Lazar Khidekel, ca. 1920
Suprematist, Avant-Garde Russian artist and student of Malevich
Lazar Khidekel Markovitch:
Художник: Хидекель Лазарь Маркович
Watercolor on paper
(Бумага; акварель)
Hand signed with monogram bottom left, inscribed with title on the back and stamped
(Монограмма внизу слева, название на обороте)
Elegantly floated and framed in a handmade wood frame with UV plexiglass, with a die-cut window in the back to reveal the handwriting and stamp
Measurements:
Framed
15.5 inches by 18.25 inches by 1 inch
Artwork
8.25 inches vertical by 10.25 inches horizontal
Provenance:
Boisgirard & Associés: Wednesday, March 26, 2008 [Lot 00060]
Ecole de Paris : Pologne, Russie, Europe Centrale
LAZAR KHIDEKEL BIOGRAPHY
Lazar Khidekel (1904 in Vitebsk – 1986 in Saint Petersburg, formerly Leningrad), artist and architect, is one of the most important representatives of the Russian avant-garde in the 1920s.
Lazar Khidekel classified himself as an “artist-architect,” later adding the moniker “fantasist” in reference to one of the central features of his art and architecture: “vision of Suprematist structures floating in space,” which first emerged as space stations of earthlings in his Vitebsk UNOVIS (Affirmers of New Art) works in 1920 – 1921, and the futuristic cities he conceived in the mid-1920s.
Khidekel was initially trained and nurtured as an artist by the best painters of the time. His first teacher, Marc Chagall, counted him as among the most talented painters in his studio. On encountering his former student during his 1973 visit to Russia, Chagall immediately recognized Khidekel and expressed astonishment that one of his best students had become an architect rather than a painter. With Chagall’s encouragement, fifteen-year-old Khidekel – who attended art school for less than a year – was exhibited alongside luminaries of modern art, including Chagall, Vassily Kandinsky, and Kazimir Malevich. Khidekel went on to become, in the words of his friend and fellow member of UNOVIS Ilya Chashnik, the only truly “revolutionary Suprematist.”
Lazar Khidekel's career resembles a paradigm for an artist's existence in the environment of the Russian avant-garde: like Marc Chagall, Lazar Khidekel was also born into an Orthodox Jewish working-class family in Vitebsk. Due to the outbreak of the revolution in 1917, Khidekel could not complete secondary school. In 1918, at 14 years of age, he applied to the local art school with paintings and drawings – and was accepted. He was taught by Marc Chagall – the founder of the school – as well as by El Lissitzky and Kazimir Malevich. By 1920, at the young ago of only 16, Khidekel already writes his influential manifesto "AERO". In this piece of writing, with a passionate tone throughout, the young artist advocates a green city, in which the modern human being is to live in harmony with nature. This topic would pre-occupy Khidekel for his entire life. After completing advanced studies in architecture at the end of the 1920s, he would go on to become one of the most renowned architects in Russia, and would also make a name for himself as an influential professor of architecture.

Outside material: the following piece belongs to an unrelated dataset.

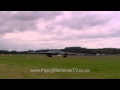 B-2 Stealth Bomber Takes Off at Royal International Air Tattoo 2012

The present work, was completed around the time Khidekel wrote his famous manifesto AERO, and was studying alongside Chagall and Kandinsky.
A personal exhibition of Lazar Khidekel's work, the first in the history of Belarus, opened at the National Art Museum of the Republic of Belarus on the day of the 100th anniversary of UNOVIS, February 14, 2020.
Among the guests at the opening ceremony were participants of the international scientific and practical conference dedicated to 100 years of UNOVIS, which opened in Vitebsk on February 12 and closed in Minsk on February 14. The opening was attended by the heirs of the legendary art group creators: Lazar Khidekel's family - the renowned architect and designer Mark Khidekel, with his wife Regina Khidekel, and their son Roman Khidekel, an urban architect. Also present were the grand-niece of Kazimir Malevich, Ivona Malevich, and the great-granddaughter of El Lissitzky, Valeria Lissitzky.
About 100 original works and UNOVIS documents from the personal archive and collection of the Khidekel family were brought to Minsk from New York for the exhibition. It included early Suprematist compositions, projects of the futuristic cities such as Aero-cities and Garden-cities, space stations, as well as the legendary first architectural environmental manifesto AERO.
The exhibition was complemented by animations created by Roman Khidekel - fantasies on the space theme based on his famous grandfather's work.
For those interested in learning more about Khidekel, below is the publisher's blurb on a 2014 monograph of his work, published by the prestigious art publisher Prestel:
The first book dedicated solely to this important member of the Russian avant-garde, this volume profiles Lazar Khidekel, a brilliant artist and architect whose career proves a key link in the story of abstraction. For decades the work of Lazar Khidekel has been undeservedly overlooked by galleries and museums—primarily because the Russian avant-garde movement was interrupted midstream and forced underground by the Soviet state. This elegantly designed book provides the perfect introduction to Khidekel’s decades-long career and coincides with a recently renewed fascination with Suprematism and the development of 20th-century abstraction. A student of Chagall and Malevich, Khidekel was an artistic prodigy whose fascination with architecture led to his part in the founding of UNOVIS, or "Affirmers of the New Art." He later became a significant figure in the Suprematist movement, a distinctly Russian form of abstraction. The volume features the best examples from each phase of Khidekel’s career, from his pre-Suprematist work and early architectural and eco-futuristic projects to his post-Suprematist paintings, works on paper, and architectural projects.